4.1.    De raad stelt dat in het plan niet langer wordt voorzien in de aanduiding "brug", maar dat bruggen voor fietsers en voetgangers bij recht zijn toegestaan binnen de bestemming "Water". Bruggen voor gemotoriseerd verkeer zijn voorzien binnen de bestemming "Verkeer". Volgens de raad werd ook in het bestemmingsplan "Poelgeest", dat is vastgesteld op 21 mei 2007 en goedgekeurd op 8 januari 2008 (hierna: het bestemmingsplan "Poelgeest" (2007)) rekening gehouden met de mogelijkheid van een nieuwe ontsluiting. Het plan voorziet niet in grootschalige nieuwe voorzieningen, aldus de raad. Volgens de raad kunnen de beroepsgronden die zijn gericht tegen de aanleg van de brug, die is voorzien in de bestemmingsplannen "Brug Poelgeest 2017" in deze procedure niet aan de orde komen.
Planregeling
4.2.    Aan de gronden waarop de sloot is gelegen is de bestemming "Verkeer" toegekend.
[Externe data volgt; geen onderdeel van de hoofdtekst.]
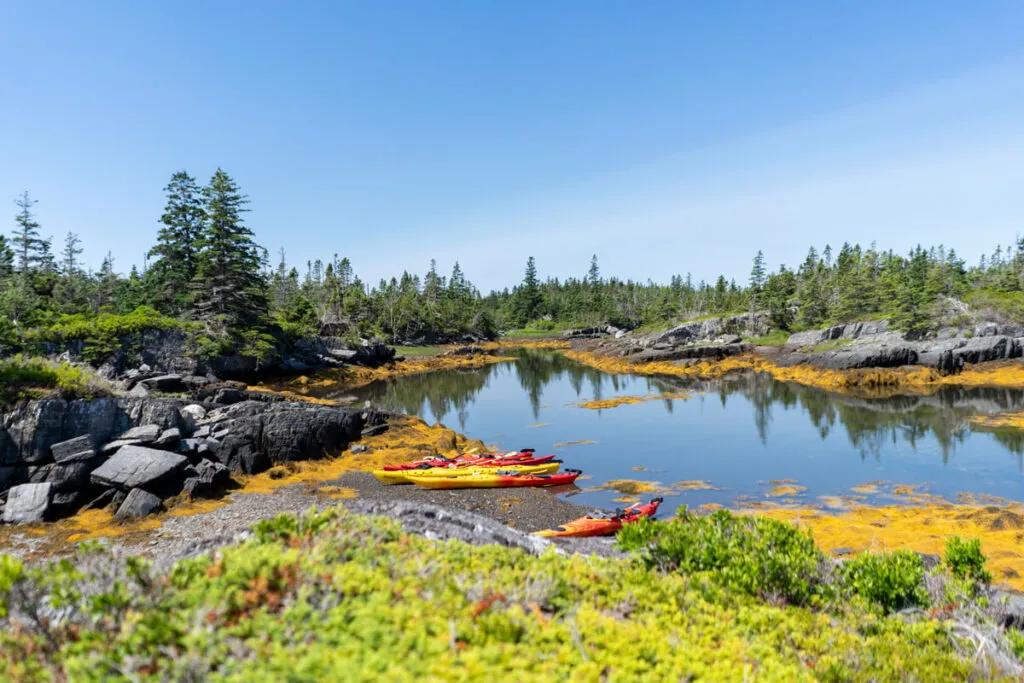 Kajaks in Blue Rocks, Nova Scotia, Kanada
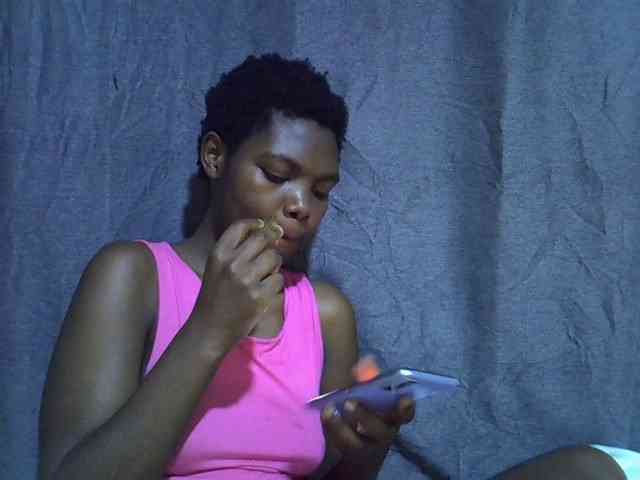 Cute-tamarah webcam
Artikel 14, lid 14.1, aanhef en onder b, van de planregels luidt:
"De voor "Verkeer" aangewezen gronden zijn bestemd voor:
b. bruggen;"
Planregeling bestemmingsplan "Poelgeest" (2007)
4.3.    In het bestemmingsplan "Poelgeest" (2007) waren aan de gronden de bestemming "Water" en de aanduiding "brug" toegekend.
Artikel 10, eerste lid, van dat plan luidde: "Gronden, aangewezen voor water, zijn uitsluitend bestemd voor:
a vaarten, sloten, waterpartijen, vijvers en oeverbeschoeiingen;
b de waterhuishouding;
c ligplaatsen ten behoeve van het aanleggen van pleziervaartuigen conform de situering op de plankaart ter plaatse van de aanduiding "steigers toegestaan"."
Het tweede lid luidde: "Het is verboden bouwwerken te realiseren op de tot water bestemde gronden."
Het derde lid luidde: "Burgemeester en wethouders zijn bevoegd vrijstelling te verlenen van het bepaalde in lid 2 om andere bouwwerken te bouwen ten dienste van de bestemming, zoals duikers en bruggen, […]"
Beoordeling
5.    Ten aanzien van het betoog dat de brug aan het einde van de Hugo de Vrieslaan in het bestemmingsplan "Brug Poelgeest" zou moeten worden geregeld, overweegt de Afdeling als volgt. De raad komt beleidsruimte toe bij het bepalen van de begrenzingen van een bestemmingsplan. Deze ruimte strekt echter niet zo ver dat de raad een begrenzing kan vaststellen die in strijd is met een goede ruimtelijke ordening.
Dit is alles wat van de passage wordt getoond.